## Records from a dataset
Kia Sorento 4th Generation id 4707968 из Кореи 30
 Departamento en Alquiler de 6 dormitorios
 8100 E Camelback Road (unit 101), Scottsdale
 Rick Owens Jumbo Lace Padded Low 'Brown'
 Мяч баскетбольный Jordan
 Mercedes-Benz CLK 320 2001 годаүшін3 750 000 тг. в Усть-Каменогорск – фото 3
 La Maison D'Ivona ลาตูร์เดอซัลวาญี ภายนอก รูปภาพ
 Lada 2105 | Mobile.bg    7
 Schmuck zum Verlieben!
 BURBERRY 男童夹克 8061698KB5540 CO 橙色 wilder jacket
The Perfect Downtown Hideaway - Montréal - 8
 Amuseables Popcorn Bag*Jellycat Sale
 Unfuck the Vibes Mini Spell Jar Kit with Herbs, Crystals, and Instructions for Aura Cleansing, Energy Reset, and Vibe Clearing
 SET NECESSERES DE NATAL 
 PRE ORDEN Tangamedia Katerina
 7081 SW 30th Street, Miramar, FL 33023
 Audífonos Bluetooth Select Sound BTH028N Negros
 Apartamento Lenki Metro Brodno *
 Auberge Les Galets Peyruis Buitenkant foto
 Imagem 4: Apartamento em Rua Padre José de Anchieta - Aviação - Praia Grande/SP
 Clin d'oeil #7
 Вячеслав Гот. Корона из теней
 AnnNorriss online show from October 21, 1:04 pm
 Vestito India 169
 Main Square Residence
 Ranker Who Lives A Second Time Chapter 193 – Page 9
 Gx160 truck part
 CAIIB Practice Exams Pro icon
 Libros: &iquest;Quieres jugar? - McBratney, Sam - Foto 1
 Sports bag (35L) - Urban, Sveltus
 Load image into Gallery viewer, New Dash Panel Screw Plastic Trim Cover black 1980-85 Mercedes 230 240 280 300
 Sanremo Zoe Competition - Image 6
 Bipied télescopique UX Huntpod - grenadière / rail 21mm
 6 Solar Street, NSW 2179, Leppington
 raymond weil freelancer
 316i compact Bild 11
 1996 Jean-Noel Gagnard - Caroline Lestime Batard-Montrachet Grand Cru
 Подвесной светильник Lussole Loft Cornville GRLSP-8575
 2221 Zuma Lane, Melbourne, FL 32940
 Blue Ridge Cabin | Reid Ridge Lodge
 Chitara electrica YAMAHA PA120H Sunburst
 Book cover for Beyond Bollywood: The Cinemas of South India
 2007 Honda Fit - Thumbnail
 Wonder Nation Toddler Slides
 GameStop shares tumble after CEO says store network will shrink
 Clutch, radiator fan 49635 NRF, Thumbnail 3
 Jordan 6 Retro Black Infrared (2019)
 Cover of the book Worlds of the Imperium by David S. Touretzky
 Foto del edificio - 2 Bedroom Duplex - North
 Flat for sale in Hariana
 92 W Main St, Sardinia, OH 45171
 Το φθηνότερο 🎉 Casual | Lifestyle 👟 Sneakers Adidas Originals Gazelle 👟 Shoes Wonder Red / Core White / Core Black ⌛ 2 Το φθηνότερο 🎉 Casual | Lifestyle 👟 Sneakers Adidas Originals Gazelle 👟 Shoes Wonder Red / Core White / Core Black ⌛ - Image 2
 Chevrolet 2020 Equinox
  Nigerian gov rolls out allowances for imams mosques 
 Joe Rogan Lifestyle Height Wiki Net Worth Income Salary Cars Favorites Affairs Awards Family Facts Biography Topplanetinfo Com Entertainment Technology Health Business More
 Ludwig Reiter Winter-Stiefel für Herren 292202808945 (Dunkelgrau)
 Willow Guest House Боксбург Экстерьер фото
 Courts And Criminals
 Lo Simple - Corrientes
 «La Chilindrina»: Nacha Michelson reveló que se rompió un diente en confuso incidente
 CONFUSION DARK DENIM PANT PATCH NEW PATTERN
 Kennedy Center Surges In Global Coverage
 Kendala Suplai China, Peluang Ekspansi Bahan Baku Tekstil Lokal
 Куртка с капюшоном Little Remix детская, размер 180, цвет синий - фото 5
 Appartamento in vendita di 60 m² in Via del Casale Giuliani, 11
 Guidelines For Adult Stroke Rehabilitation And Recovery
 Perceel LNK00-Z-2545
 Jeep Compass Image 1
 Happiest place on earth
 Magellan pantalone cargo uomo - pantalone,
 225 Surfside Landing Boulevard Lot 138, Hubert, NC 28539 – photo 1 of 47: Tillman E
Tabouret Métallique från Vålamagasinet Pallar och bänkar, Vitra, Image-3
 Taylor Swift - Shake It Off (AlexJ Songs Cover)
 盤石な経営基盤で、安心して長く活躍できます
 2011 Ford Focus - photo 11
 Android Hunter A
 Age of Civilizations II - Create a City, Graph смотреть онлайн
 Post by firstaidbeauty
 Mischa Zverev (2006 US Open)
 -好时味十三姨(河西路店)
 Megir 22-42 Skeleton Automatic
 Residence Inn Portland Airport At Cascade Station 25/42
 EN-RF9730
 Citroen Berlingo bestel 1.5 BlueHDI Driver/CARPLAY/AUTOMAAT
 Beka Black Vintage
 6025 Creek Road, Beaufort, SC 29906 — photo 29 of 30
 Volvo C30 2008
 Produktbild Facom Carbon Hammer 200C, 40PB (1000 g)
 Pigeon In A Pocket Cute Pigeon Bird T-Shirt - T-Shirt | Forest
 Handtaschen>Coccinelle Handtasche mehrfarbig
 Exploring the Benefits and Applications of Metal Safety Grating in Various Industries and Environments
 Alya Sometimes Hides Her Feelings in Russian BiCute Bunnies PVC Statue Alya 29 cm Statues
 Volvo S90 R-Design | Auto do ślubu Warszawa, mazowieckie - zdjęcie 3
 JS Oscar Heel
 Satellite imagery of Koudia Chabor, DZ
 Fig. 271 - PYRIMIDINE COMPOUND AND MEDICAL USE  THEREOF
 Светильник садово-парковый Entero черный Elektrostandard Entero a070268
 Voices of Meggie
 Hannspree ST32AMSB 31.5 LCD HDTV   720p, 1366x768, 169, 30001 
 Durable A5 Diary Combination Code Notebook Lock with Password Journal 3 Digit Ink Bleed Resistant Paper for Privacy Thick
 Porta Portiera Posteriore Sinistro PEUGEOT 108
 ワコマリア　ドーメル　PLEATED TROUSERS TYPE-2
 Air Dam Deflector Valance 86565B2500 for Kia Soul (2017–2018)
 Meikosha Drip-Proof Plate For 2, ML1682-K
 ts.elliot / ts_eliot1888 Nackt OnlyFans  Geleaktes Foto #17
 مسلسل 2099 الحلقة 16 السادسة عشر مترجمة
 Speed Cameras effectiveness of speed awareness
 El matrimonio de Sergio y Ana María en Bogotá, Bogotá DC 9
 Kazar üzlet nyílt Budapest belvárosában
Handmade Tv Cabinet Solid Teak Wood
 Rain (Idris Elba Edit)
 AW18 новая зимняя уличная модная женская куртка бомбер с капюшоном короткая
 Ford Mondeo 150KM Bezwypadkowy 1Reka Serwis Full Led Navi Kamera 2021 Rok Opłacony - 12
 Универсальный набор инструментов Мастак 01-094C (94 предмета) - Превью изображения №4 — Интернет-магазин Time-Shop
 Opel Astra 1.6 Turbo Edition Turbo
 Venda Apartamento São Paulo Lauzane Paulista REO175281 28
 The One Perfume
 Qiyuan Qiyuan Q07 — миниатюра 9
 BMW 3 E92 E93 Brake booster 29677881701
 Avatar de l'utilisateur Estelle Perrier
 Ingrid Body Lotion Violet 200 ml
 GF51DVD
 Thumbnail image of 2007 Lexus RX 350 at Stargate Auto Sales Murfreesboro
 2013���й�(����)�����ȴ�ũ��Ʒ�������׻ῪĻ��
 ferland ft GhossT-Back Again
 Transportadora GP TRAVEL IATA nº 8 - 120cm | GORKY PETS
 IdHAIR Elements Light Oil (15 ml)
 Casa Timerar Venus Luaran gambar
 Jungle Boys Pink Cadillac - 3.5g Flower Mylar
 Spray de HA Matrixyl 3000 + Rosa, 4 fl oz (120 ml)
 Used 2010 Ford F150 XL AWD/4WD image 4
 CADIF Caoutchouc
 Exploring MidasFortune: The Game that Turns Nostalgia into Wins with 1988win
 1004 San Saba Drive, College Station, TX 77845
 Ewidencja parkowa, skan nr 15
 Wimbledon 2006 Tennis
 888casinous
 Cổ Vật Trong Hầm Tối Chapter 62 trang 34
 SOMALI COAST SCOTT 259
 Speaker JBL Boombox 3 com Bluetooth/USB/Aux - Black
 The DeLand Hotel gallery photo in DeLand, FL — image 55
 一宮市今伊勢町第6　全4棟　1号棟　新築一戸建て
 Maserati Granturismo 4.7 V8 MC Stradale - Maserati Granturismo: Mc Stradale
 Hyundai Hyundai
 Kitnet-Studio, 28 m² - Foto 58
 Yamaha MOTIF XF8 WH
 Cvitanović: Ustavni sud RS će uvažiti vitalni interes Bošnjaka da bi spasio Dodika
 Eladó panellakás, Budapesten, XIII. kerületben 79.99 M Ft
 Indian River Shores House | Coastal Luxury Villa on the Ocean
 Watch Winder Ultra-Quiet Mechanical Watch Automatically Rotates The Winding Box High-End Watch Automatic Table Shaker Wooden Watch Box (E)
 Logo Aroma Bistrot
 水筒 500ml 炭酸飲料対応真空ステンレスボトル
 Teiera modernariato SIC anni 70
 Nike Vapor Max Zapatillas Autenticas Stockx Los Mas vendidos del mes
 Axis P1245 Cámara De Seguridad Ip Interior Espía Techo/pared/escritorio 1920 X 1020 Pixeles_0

## WORK REQUEST
If a line above holds the string "Main", copy it out.

## REPLY
 Main Square Residence
 92 W Main St, Sardinia, OH 45171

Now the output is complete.